🤖 AI Summary
To address the complexity, time consumption, and error-proneness of ontology engineering, this paper proposes an automated OWL ontology generation method leveraging large language models (LLMs). The approach introduces two novel prompting strategies—Memoryless CQbyCQ and Ontogenia—that enable end-to-end generation of OWL ontology drafts from user stories and competency questions (CQs). Furthermore, we establish a structured, three-dimensional evaluation framework assessing syntactic correctness, semantic fidelity, and logical completeness. Experimental results on a benchmark comprising 10 domain ontologies and 100 CQs demonstrate that Ontogenia, when paired with OpenAI’s o1-preview model, significantly outperforms existing LLM-assisted methods. The generated ontologies meet engineer-ready quality standards and surpass the output quality typically produced by novice ontology engineers.
📝 Abstract
The ontology engineering process is complex, time-consuming, and error-prone, even for experienced ontology engineers. In this work, we investigate the potential of Large Language Models (LLMs) to provide effective OWL ontology drafts directly from ontological requirements described using user stories and competency questions.

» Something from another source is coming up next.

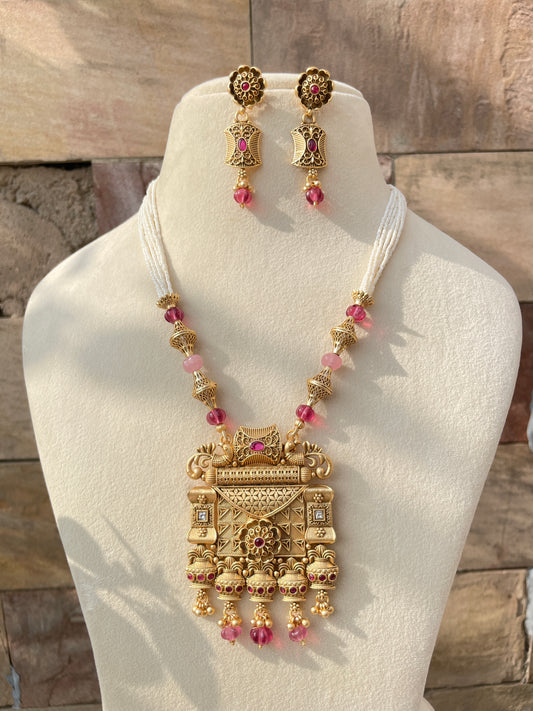 Rani Chaya Rajwadi Jewellery Set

Our main contribution is the presentation and evaluation of two new prompting techniques for automated ontology development: Memoryless CQbyCQ and Ontogenia. We also emphasize the importance of three structural criteria for ontology assessment, alongside expert qualitative evaluation, highlighting the need for a multi-dimensional evaluation in order to capture the quality and usability of the generated ontologies. Our experiments, conducted on a benchmark dataset of ten ontologies with 100 distinct CQs and 29 different user stories, compare the performance of three LLMs using the two prompting techniques. The results demonstrate improvements over the current state-of-the-art in LLM-supported ontology engineering. More specifically, the model OpenAI o1-preview with Ontogenia produces ontologies of sufficient quality to meet the requirements of ontology engineers, significantly outperforming novice ontology engineers in modelling ability. However, we still note some common mistakes and variability of result quality, which is important to take into account when using LLMs for ontology authoring support. We discuss these limitations and propose directions for future research.